| RSNA
RSNA Press Release

Radiologists Outperformed AI in Identifying Lung Diseases on Chest X-ray

Share: Share on Facebook PDF

Released: September 26, 2023

At A Glance

  • Researchers compared the performance of four commercially available AI tools with that of a pool of 72 radiologists interpreting 2,040 adult chest X-rays.
  • Although, in general, radiologists and AI had a similar rate of missed findings, AI tools produced more false-positive results.
  • Most previous studies have evaluated the disease detection ability of AI in simple cases with presence or absence of a single disease, which is easier than real-life scenarios where multiple diseases may be present.
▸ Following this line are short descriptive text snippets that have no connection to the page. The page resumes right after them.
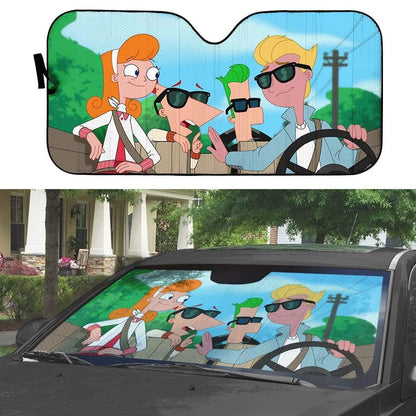 DN Car Sun Shade Phineas And Ferb Characters Windshield Sun Shade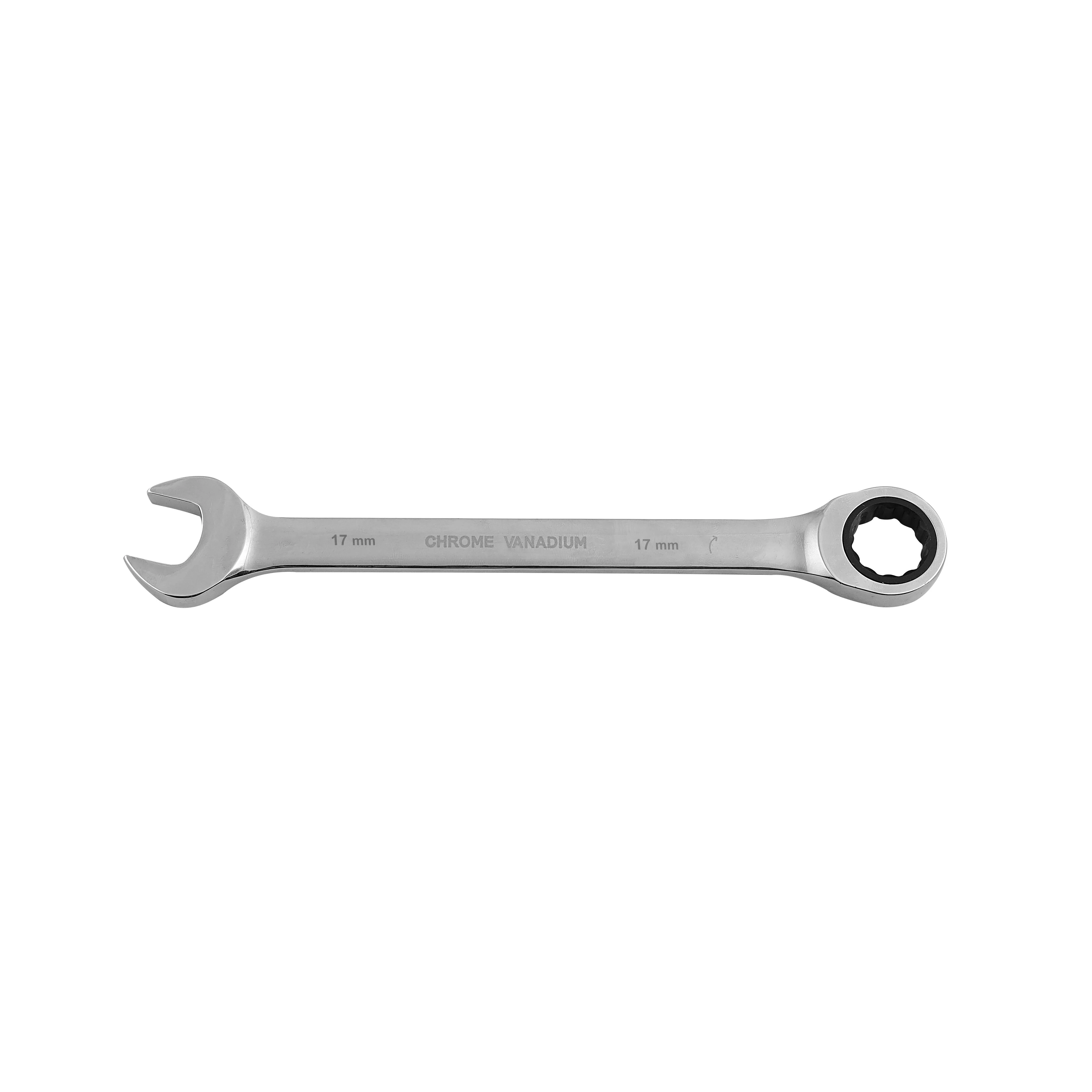 Geepas 17mm Gear Wrench with Plastic Hanger - Part Ring/Open-Ended Spanner with Ratchet Function | CRV, Mirror Finish | Ideal for Mechanic, Plumbers, Carpenter, DIYers and More
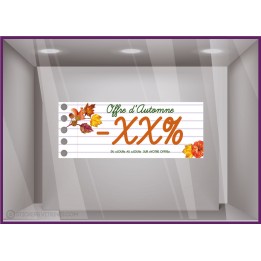 Offre Automne Bandeau Cahier Sticker Autocollant Adhésif Promotion Decoration Boutique Magasin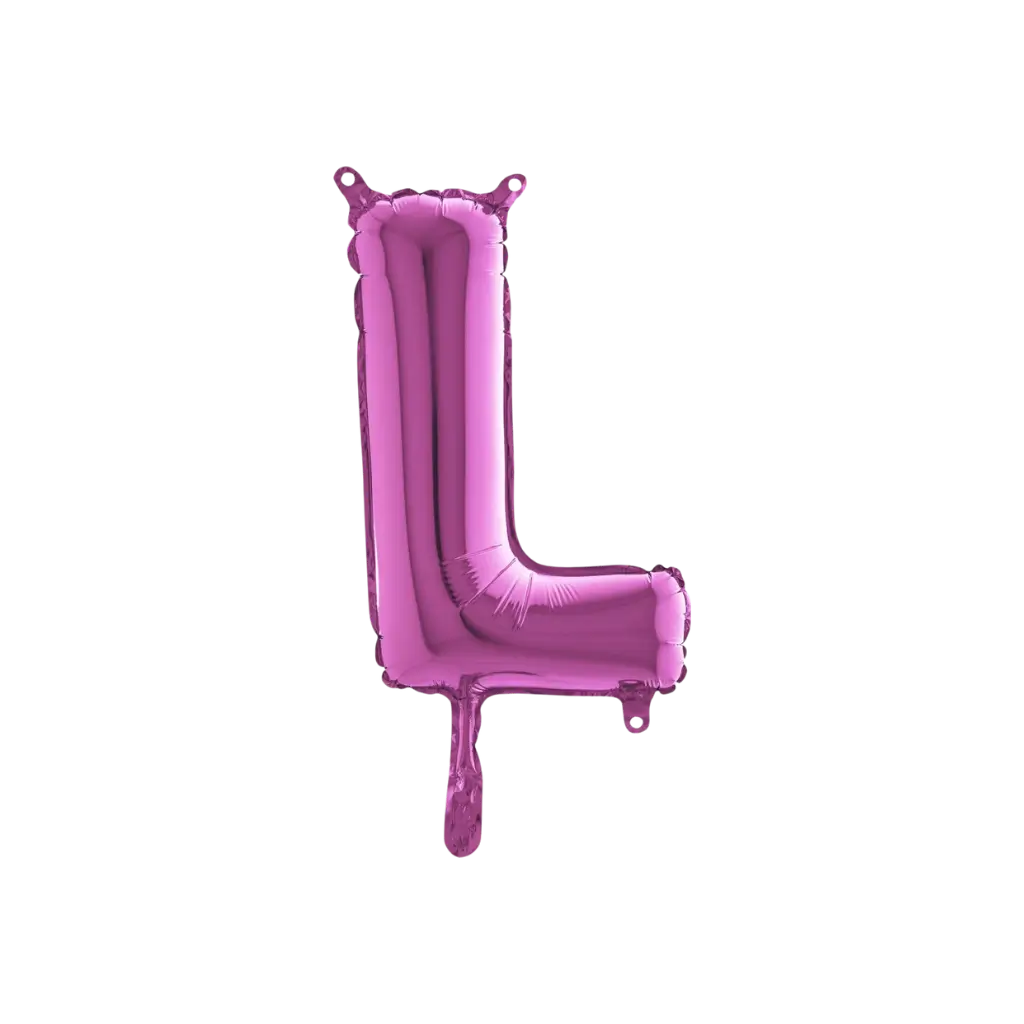 Ballon bogstav L lyserød - 35 cm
OAK BROOK, Ill. — In a study of more than 2,000 chest X-rays, radiologists outperformed AI in accurately identifying the presence and absence of three common lung diseases, according to a study published in Radiology, a journal of the Radiological Society of North America (RSNA).

Louis L. Plesner, M.D.

Louis L. Plesner, M.D.

“Chest radiography is a common diagnostic tool, but significant training and experience is required to interpret exams correctly,” said lead researcher Louis L. Plesner, M.D., resident radiologist and Ph.D. fellow in the Department of Radiology at Herlev and Gentofte Hospital in Copenhagen, Denmark.
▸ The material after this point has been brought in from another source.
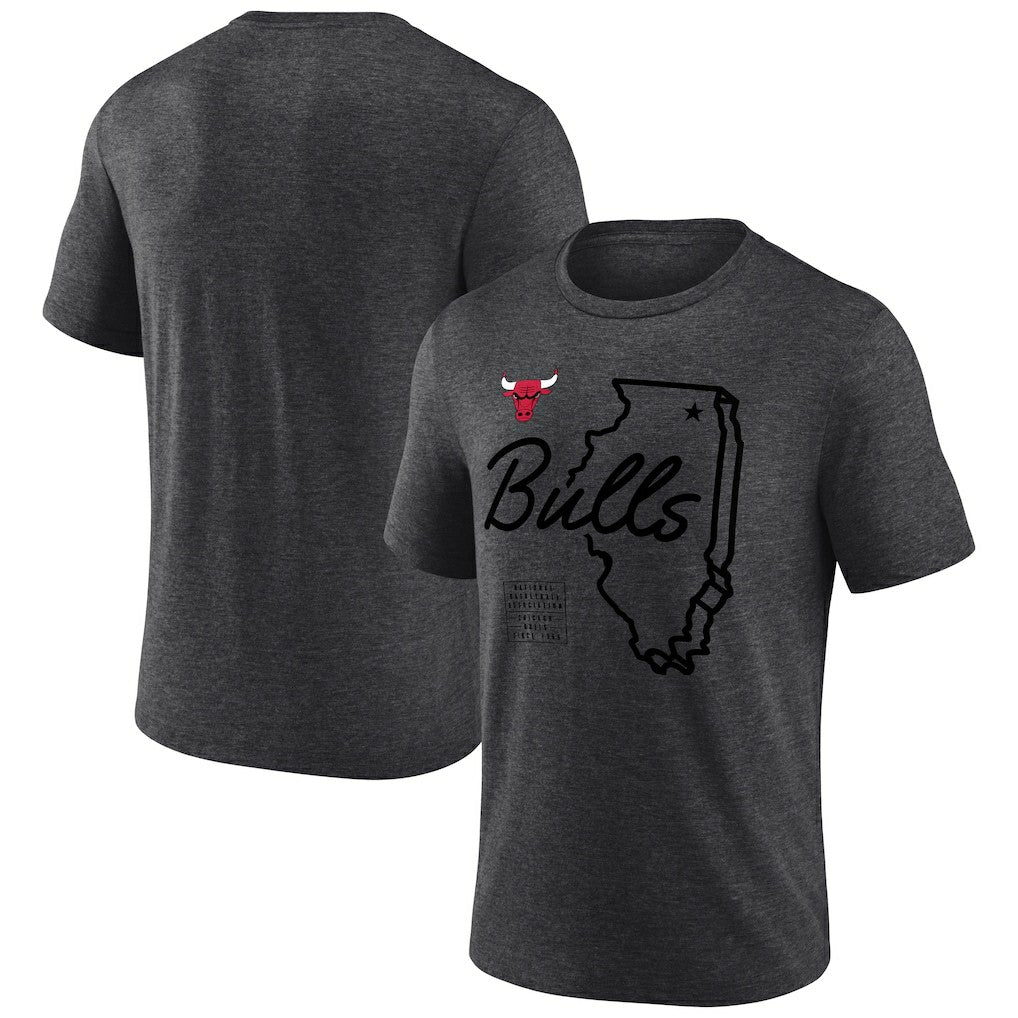 Charcoal Chicago Bulls Announcer Tri-Blend T-Shirt | NBA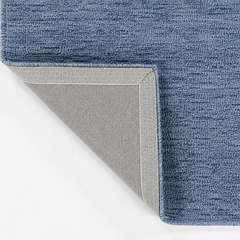 Okilo Denim Blue Wool Rug | Solid Hand-Tufted Modern Area Rug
While commercially available and FDA-approved AI tools are available to assist radiologists, Dr. Plesner said the clinical use of deep-learning-based AI tools for radiological diagnosis is in its infancy.

“While AI tools are increasingly being approved for use in radiological departments, there is an unmet need to further test them in real-life clinical scenarios,” Dr. Plesner said. “AI tools can assist radiologists in interpreting chest X-rays, but their real-life diagnostic accuracy remains unclear.”
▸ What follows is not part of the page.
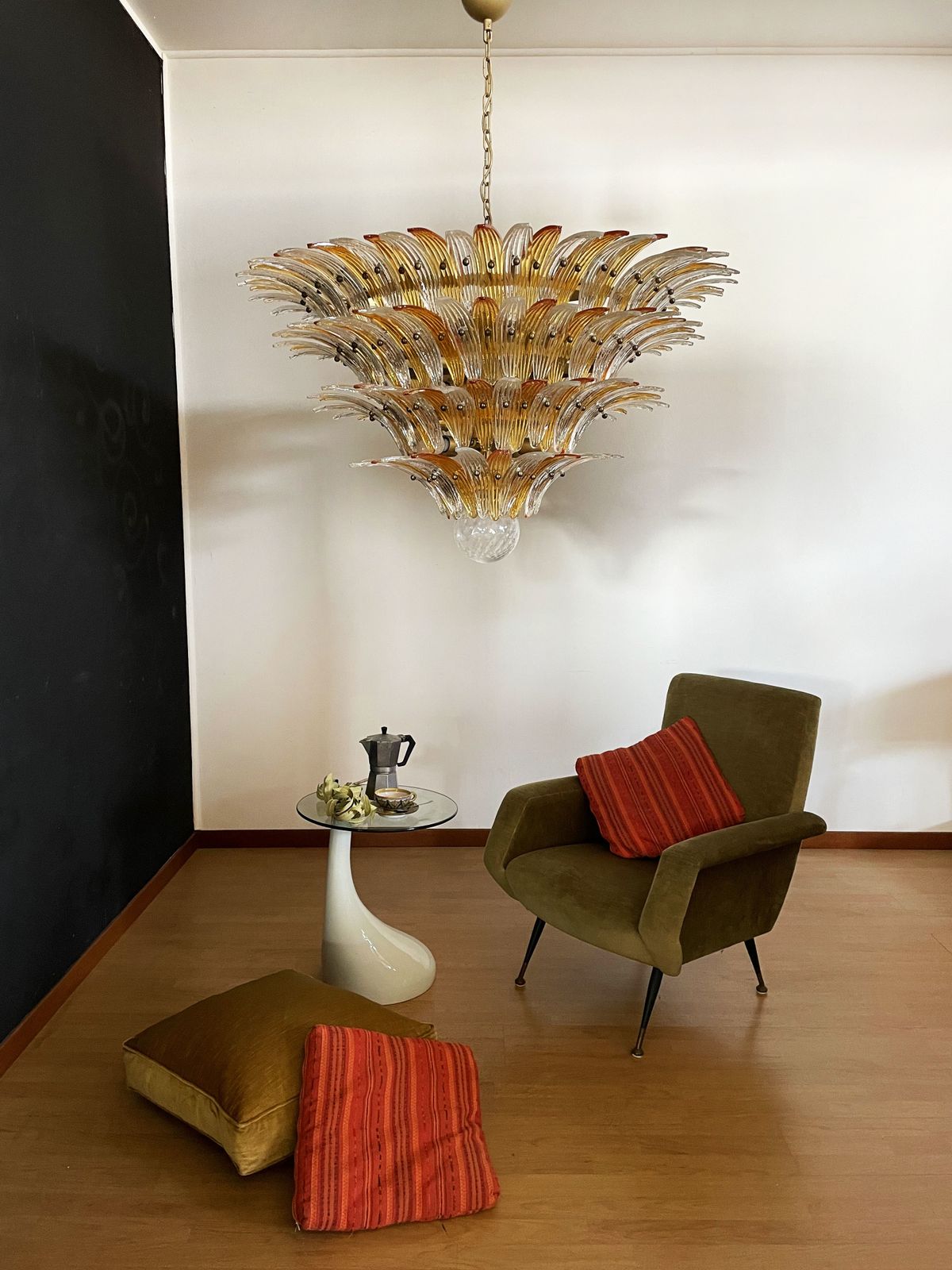 Palmette Ceiling Light   Four Levels, 163 Amber And Trasparent Glasses photo vinterior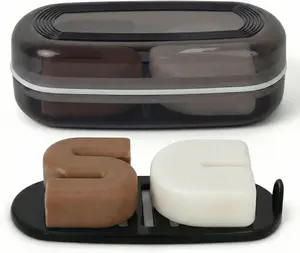 Shampoo Bar Holder Travel Case for Two Bars – Compatible with Kitsch Solid Shampoo & Conditioner Bars, Large Soap Container for Bathroom or Travel (1 Pack, Black Style A-Large)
Dr. Plesner and a team of researchers compared the performance of four commercially available AI tools with a pool of 72 radiologists in interpreting 2,040 consecutive adult chest X-rays taken over a two-year period at four Danish hospitals in 2020. The median age of the patient group was 72 years. Of the sample chest X-rays, 669 (32.8%) had at least one target finding.

The chest X-rays were assessed for three common findings: airspace disease (a chest X-ray pattern, for example, caused by pneumonia or lung edema), pneumothorax (collapsed lung) and pleural effusion (a buildup of water around the lungs).

AI tools achieved sensitivity rates ranging from 72 to 91% for airspace disease, 63 to 90% for pneumothorax, and 62 to 95% for pleural effusion.

“The AI tools showed moderate to a high sensitivity comparable to radiologists for detecting airspace disease, pneumothorax and pleural effusion on chest X-rays,” he said. “However, they produced more false-positive results (predicting disease when none was present) than the radiologists, and their performance decreased when multiple findings were present and for smaller targets.”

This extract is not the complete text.